[![Build Status](https://travis-ci.org/gz/autoperf.svg)](https://travis-ci.org/gz/autoperf) [![Crates.io](https://img.shields.io/crates/v/autoperf.svg)](https://crates.io/crates/autoperf) [![docs.rs/autoperf](https://docs.rs/autoperf/badge.svg)](https://docs.rs/crate/autoperf/) # autoperf autoperf simplifies the instrumentation of programs with performance counters on Intel machines. Rather than trying to learn how to measure every event and manually programming event values in counter registers or perf, you can use autoperf which will repeatedly run your program until it has measured every single performance event on your machine. autoperf tries to compute a schedule that maximizes the amount of events measured per run, and minimizes the total number of runs while avoiding multiplexing of events on counters.

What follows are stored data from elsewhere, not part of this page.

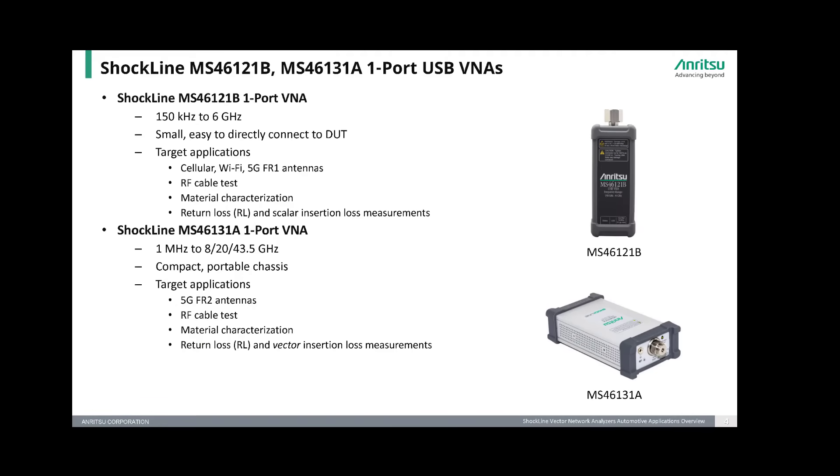Here are the one-port Shockline VNA models. The MS46121B is a 6 GHz one-port VNA that is well-suited for testing cellular, Wi-Fi, and 5G FR1 antennas in the car. These VNAs are small, palm-sized units that are easy to connect directly to the device under test. They can also be used to check RF cable runs as well as measuring material characteristics like moisture in the automobile.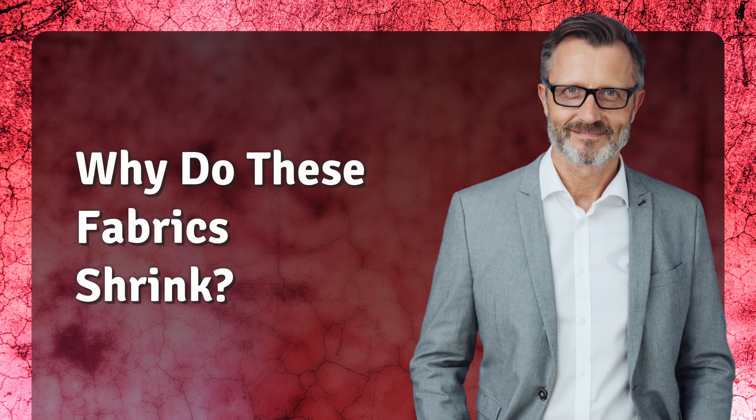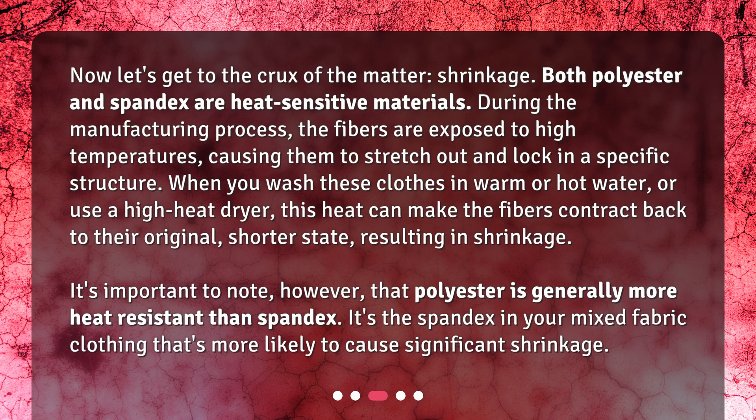Why do these fabrics shrink? Now let's get to the crux of the matter — shrinkage. Both polyester and spandex are heat-sensitive materials. During the manufacturing process, the fibers are exposed to high temperatures, causing them to stretch out and lock in a specific structure. When you wash these clothes in warm or hot water, or use a high heat dryer, this heat can make the fibers contract back to their original, shorter state, resulting in shrinkage.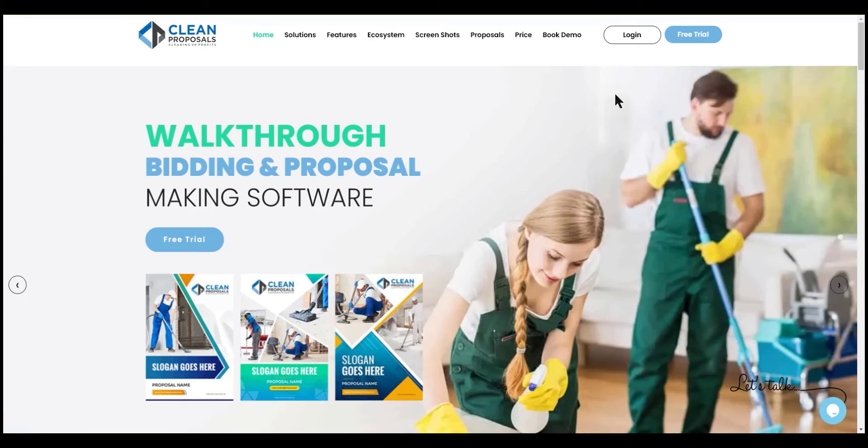The truth of the matter is, competition is fierce. You need to take advantage of every single tool and resource that is available to you. So head on over to cleanproposals.com, click on the free trial button in the upper right-hand corner, and get started now.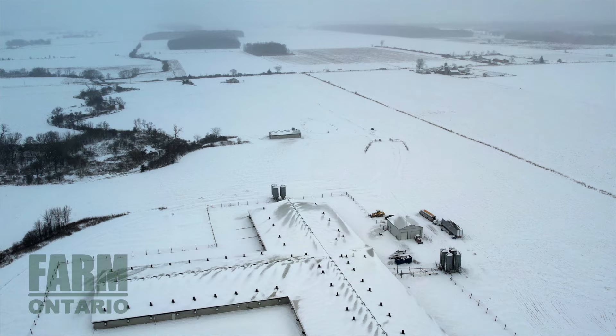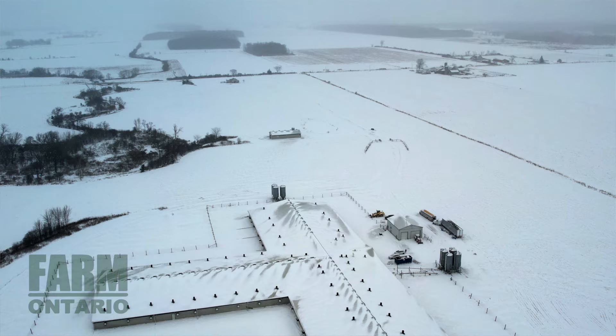Please call at the number at the end of this video if you would like more information and would like a tour of the property.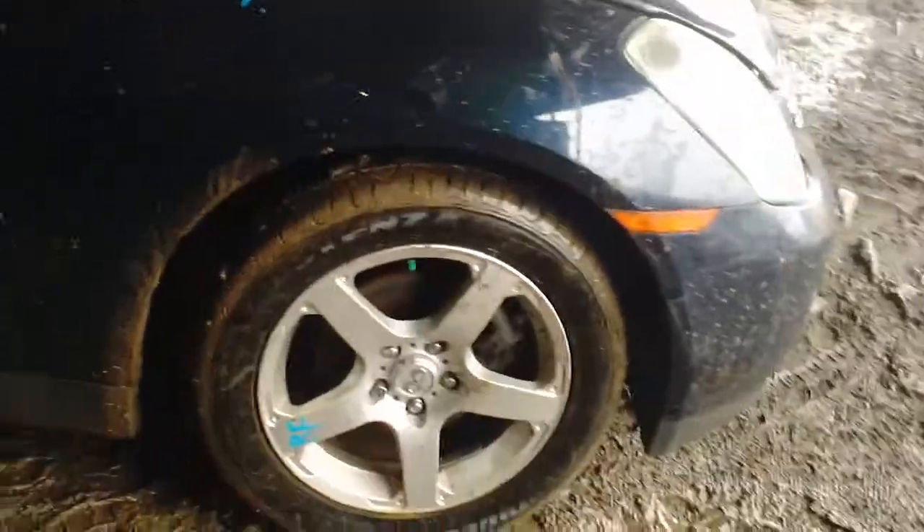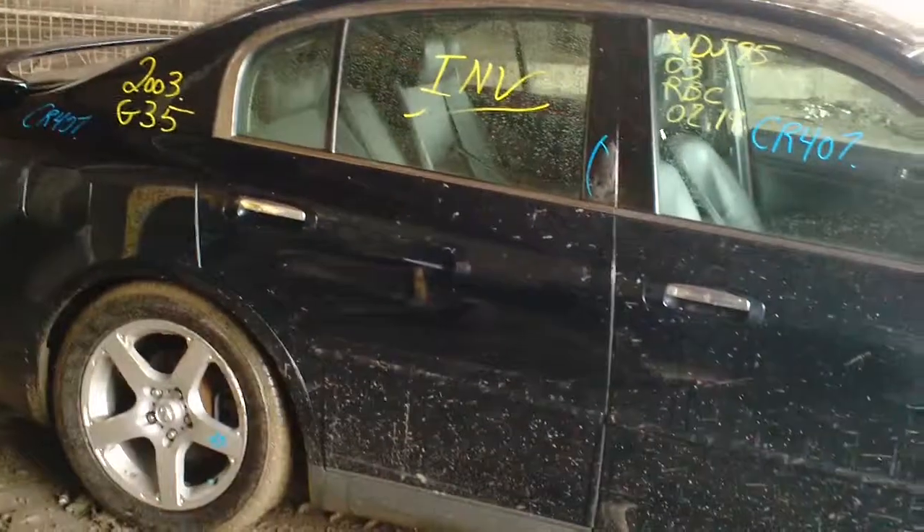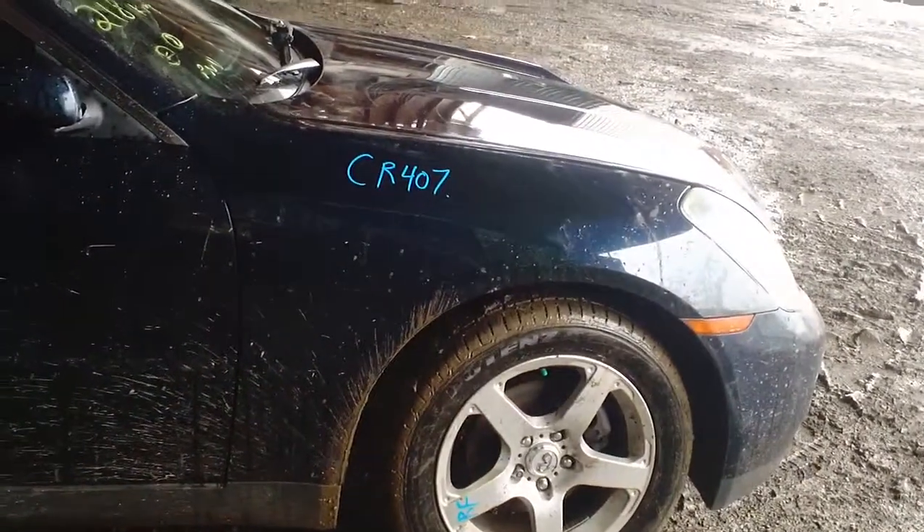This vehicle was purchased from a local auction with 217,000 km. This concludes the video portion for stock number CR407. Thanks for watching.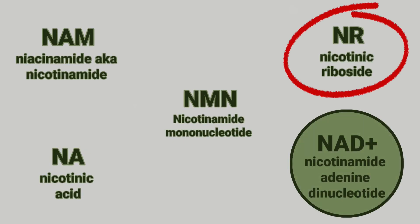NR, or nicotinic riboside, is another precursor of NAD, and it's been the subject of a number of human studies recently. Unfortunately, the results are not as encouraging as with other vitamin B3 derivatives.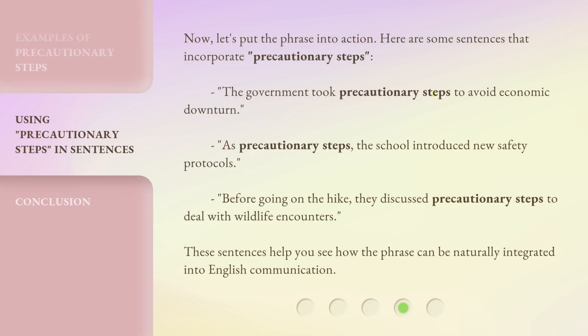Now, let's put the phrase into action. Here are some sentences that incorporate Precautionary Steps. The government took Precautionary Steps to avoid economic downturn. As Precautionary Steps, the school introduced new safety protocols. Before going on the hike, they discussed Precautionary Steps to deal with wildlife encounters. These sentences help you see how the phrase can be naturally integrated into English communication.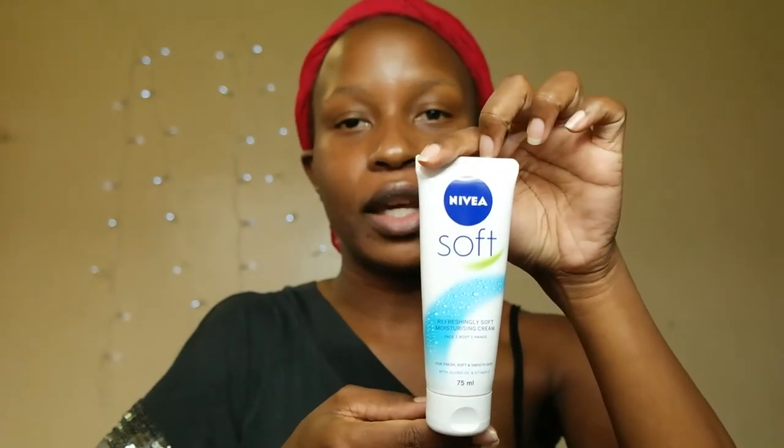So this is the moisturizer that I use, and I just dab it all over my face and apply it in. I make sure that my skin is really nice and moisturized. Mine is a bit oily, so sometimes by the time I'm coming from work it's as shiny as a mirror.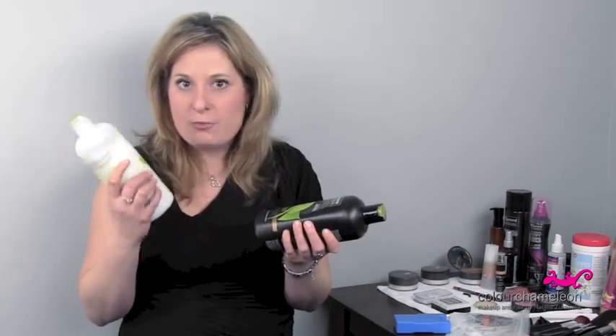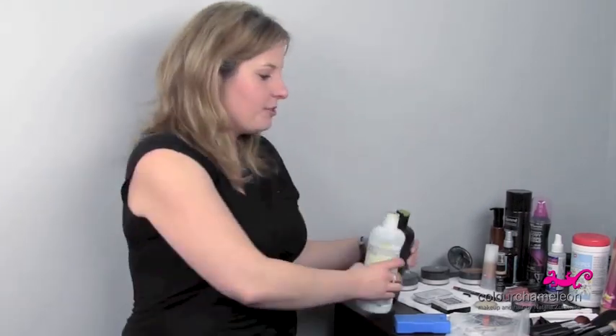Shampoo and conditioner — liquid. You're no longer allowed to bring in more than a hundred milliliters. So I love to put it in a sandwich bag. It really works wonders, saves a lot of room, and you get to keep your favorite product.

## Background Performance monitoring units typically distinguish between performance events and counters. Events refer to observations on the micro-architectural level (e.g., a TLB miss, a page-walk etc.), whereas counters are hardware registers that count the occurrence of events. The figure on the right shows the number of different observable events for different Intel micro-architectures. Note that current systems provide a very large choice of possible events to monitor. The number of measurable counters per PMU is limited (typically from two to eight). For example, if the same events are measured on all PMUs on a SkylakeX (Xeon Gold 5120) machine, we can only observe a maximum of 48 different events (without sampling). autoperf simplifies the process of fully measuring and recording every performance event for a given program. In our screen session above, recorded on a SkylakeX machine with ~3500 distinct events, we can see how autoperf automatically runs a program 1357 times while measuring and recording a different set of events in every run.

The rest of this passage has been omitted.